Adegbohungbe stated this at the unveiling of the company’s economic review and 2023 outlook tagged ‘Baton Hand-off: Economic Headwinds and Expected Resilience’ in Lagos.
- ”It is an election year, there are concerns around demand-pull inflation on the back of expected spending associated with electioneering. However implementation of the recent naira redesign policy could assist with abetting the inflation risk,” he said.
Some concerns: He noted that there are also concerns around policy continuity post-election, as well as an expected lull in economic activity on the back of the transition phase.
Adegbohungbe said Nigeria’s GDP growth is expected to maintain its growth trajectory but at a relatively slower pace.
He noted that the impact of recent global economic shocks on the Nigerian economy was prevalent in 2022 and is expected to persist in 2023.
Bank’s preparedness: He explained that compared to a previous low point in the country’s economic cycles, the banking industry is better prepared to weather the storm. He said:
- “Capital adequacy and liquidity ratios are much higher, governance is more effective and foreign currency balance sheets are more resilient. In spite of current macroeconomic headwinds, industry non-performing loans have been relatively lower than earlier anticipated. In 2023, our in-house economic intelligence projects the banking industry will face pressure from elevated inflation, higher interest rates and fx liquidity constraints.

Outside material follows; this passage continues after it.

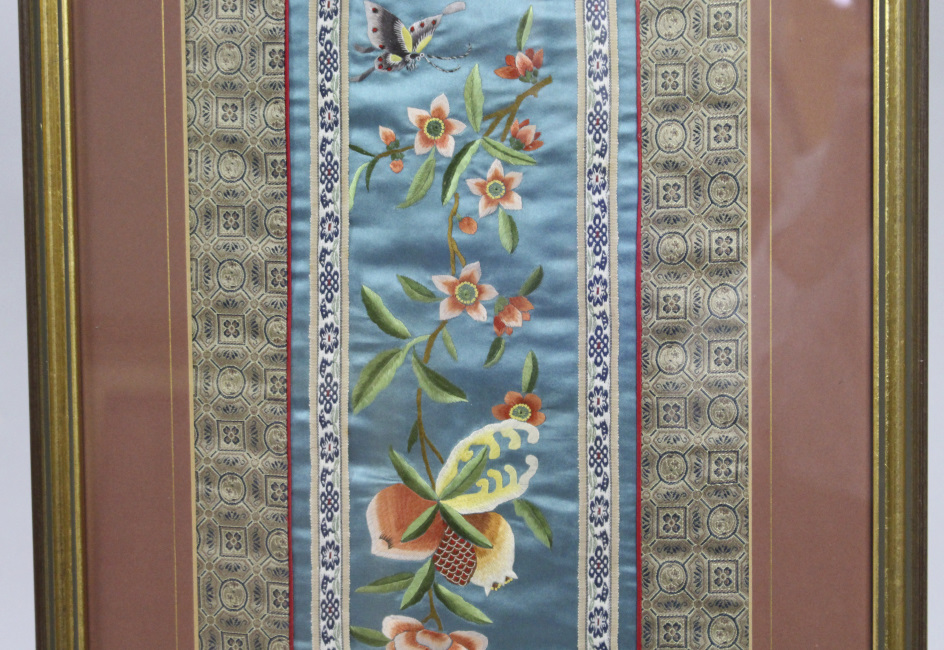 Oriental Silk Needlework Wall Hanging in Gilt Frame - Image 3 of 6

Regardless, there will be opportunities to unlock new growth, particularly in the second half of the year.”
Inflation risks: Adegbohungbe noted that 2023 brings with it a mix of economic conditions, adding that the bank expects the current inflation trend to persist in both advance and emerging economies.
He noted that the resultant effects of monetary policy tightening are also expected to continue but at a reduced pace given the inflation outlook across markets which points towards gradual moderation in H2 2023.
He said forex liquidity constraints are likely to continue in the near term, particularly in the parallel market and as such steady depreciation has been factored into our forecast.
Fixed income: Adegbohungbe noted that as for the fixed income market, considering the maturity profile of current FGN, debt instruments, liquidity could improve in H1 2023.
- “But we expect continuous tightening in the inter-bank market as the FGN front-loads domestic borrowing in 2023 due to its projected budget deficit and our expectations of reduced activity with regards to external borrowing,” he said.
Fuel subsidy: Meanwhile, the Chief Economist and Head of Economic Research/Intelligence at Coronation Merchant Bank, Chinwe Egwim, said the bank expects fuel subsidy costs to remain elevated and the NNPC’s capacity to remit to the FGN challenged, at least in the first half of 2023. She said:
- “The FGN plans to halt PMS subsidy payment by end of H1’23. According to the 2023 – 2025 medium-term expenditure framework and fiscal strategy paper, only N3.36 trillion will be provided for PMS subsidy in H1 2023. This is 1.7 trillion higher than the amount spent in the corresponding period of 2022 (N1.6 trillion).
- “For domestic production, we note that the Amukpe-Escravos pipeline could assist with reducing oil theft and vandalism. This is in addition to the online portal and pipeline surveillance contracts with the former militant leader Government Ekpemupolo. These initiatives could assist in improving our production in 2023.”